(Information provided):
=======

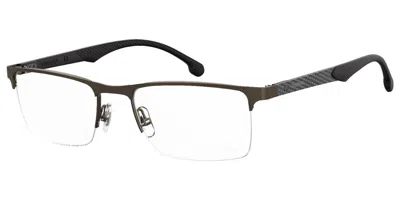 Carrera 8846 Men's Glasses, Brown, Size 54 In Black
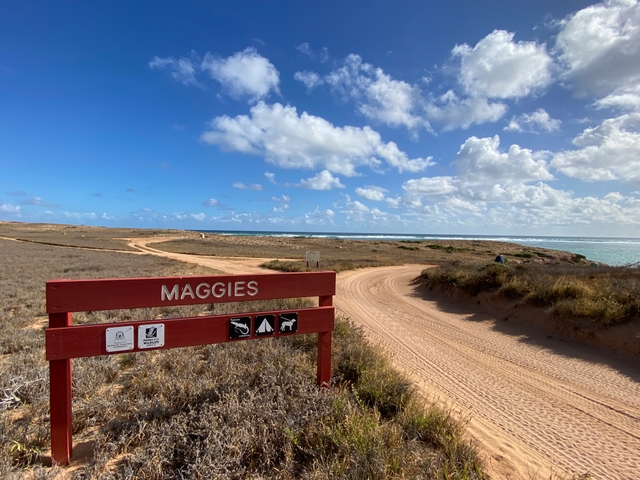 Maggies Campground - Ningaloo Marine Park, Campsite at | Book at ...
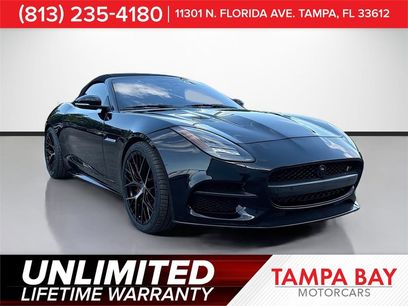 Used 2018 Jaguar F-TYPE R w/ Suedecloth Interior Package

=======

(Instructions to follow): Give back an exact copy of only the lines from the one with "Maggies Campground - Ningaloo" through the final line of the material, both included. Pictures do not belong in it.

(Answer box):
 Maggies Campground - Ningaloo Marine Park, Campsite at | Book at ...
 Used 2018 Jaguar F-TYPE R w/ Suedecloth Interior Package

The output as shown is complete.